The Reformation and the Nobility – A Study of the Impact of the Reformation on the Danish Nobility
From c. 1525 to the 1560s
PhD student Rasmus Skovgaard Jakobsen holds an MA in History and Religious Studies. On 1 February 2014 he embarked upon the research project: ‘The Reformation and the Nobility – A Study of the Impact of the Reformation on the Danish Nobility. From c. 1520 to 1570. The PhD project involves collaboration between the History Department of Aarhus University and the Danish Research Centre for Manorial Studies at the Gammel Estrup Manor House Museum.
The project is a study of the Reformation’s influence on Danish elite culture in the early 16th century, focusing particularly on the first generation of a selection of noble families to be affected by the Reformation.
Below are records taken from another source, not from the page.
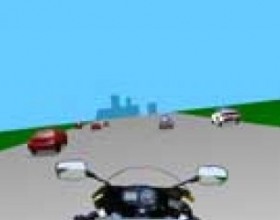 Speedbiker - Drive your crotch rocket through city streets. Use arrow keys to control the game. Pass 25 gates. Don't crash cars and stay on the road!!! Catch green bonus points! Remember: Be passed by car = - 100 points!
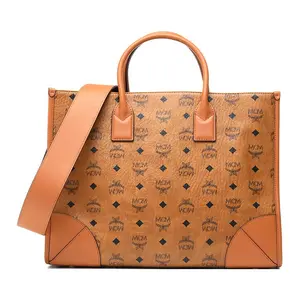 MCM Monogram Tote Bag for Women in Brown and Cognac Leather with Shoulder Strap Stylish Tote Bag Storage Tote Bag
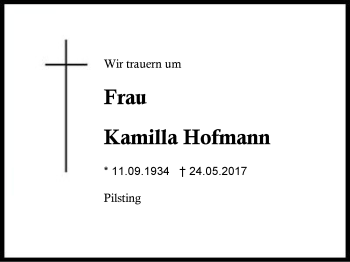 Traueranzeige von Kamilla Hofmann von Region Berchtesgadener Land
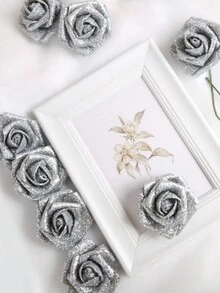 5 件/套人造閃光泡沫玫瑰手工材料 Diy 適合情人節婚禮隊列節日裝飾 - 銀色 - 查看 4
To investigate how these families were culturally, religiously and socially influenced by the Reformation, the project will combine analyses of the selected families’ manor houses, the churches of which they were patrons, and estate and private archives, with analyses of a social historical, religious historical and cultural historical nature. By means of such a study, the project will reveal how the Lutheran Reformation transformed the very context of the nobility, and what impact it made on them. The project will thereby increase our understanding of the Reformation and its influence on Danish culture, placing the Danish nobility in a new, historic context.